Work instructions:
Print every line of the material below exactly as it stands, but omit the pictures.

Data shown:
★ ★ ★ ★ ★

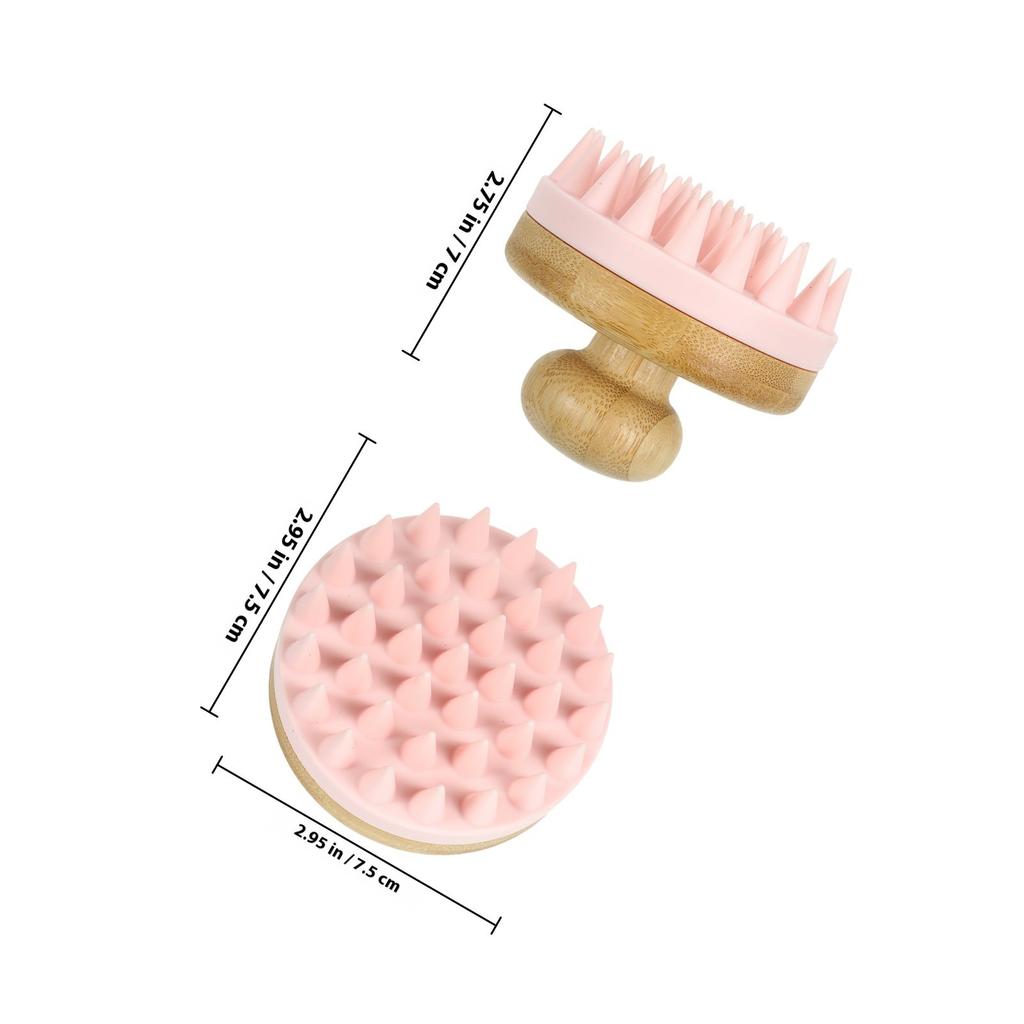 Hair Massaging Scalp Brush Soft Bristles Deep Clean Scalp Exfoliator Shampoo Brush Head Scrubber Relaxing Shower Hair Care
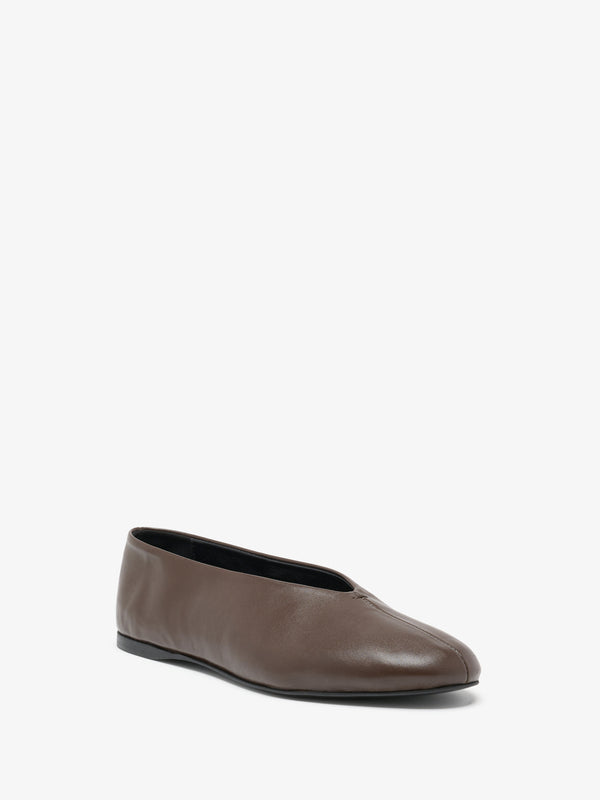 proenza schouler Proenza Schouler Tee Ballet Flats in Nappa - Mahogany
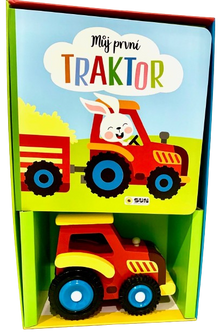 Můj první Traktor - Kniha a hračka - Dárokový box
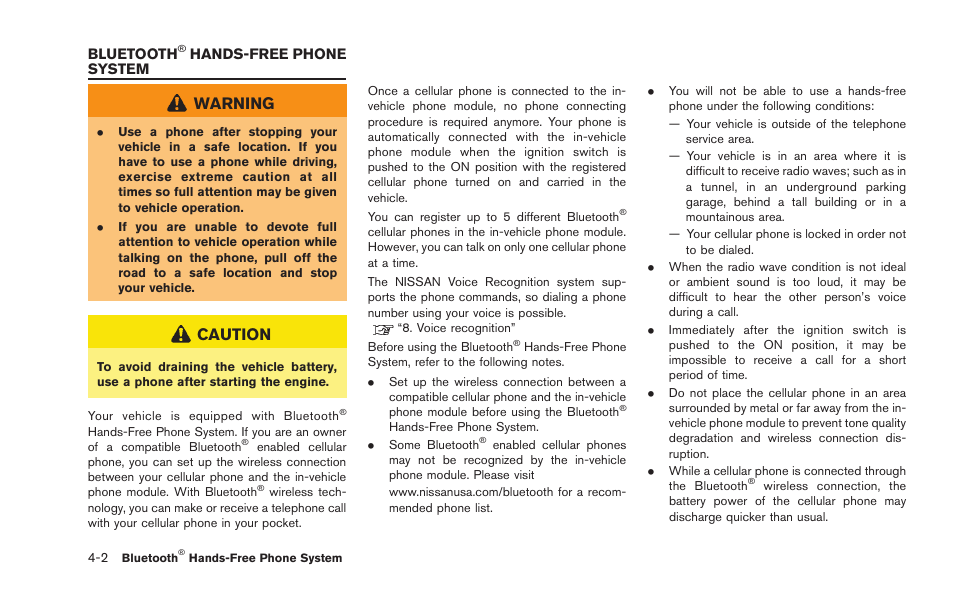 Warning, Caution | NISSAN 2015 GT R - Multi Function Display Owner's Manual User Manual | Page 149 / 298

★ ★ ★ ★ ★

Output for this task:
 Hair Massaging Scalp Brush Soft Bristles Deep Clean Scalp Exfoliator Shampoo Brush Head Scrubber Relaxing Shower Hair Care
 proenza schouler Proenza Schouler Tee Ballet Flats in Nappa - Mahogany
 Můj první Traktor - Kniha a hračka - Dárokový box
 Warning, Caution | NISSAN 2015 GT R - Multi Function Display Owner's Manual User Manual | Page 149 / 298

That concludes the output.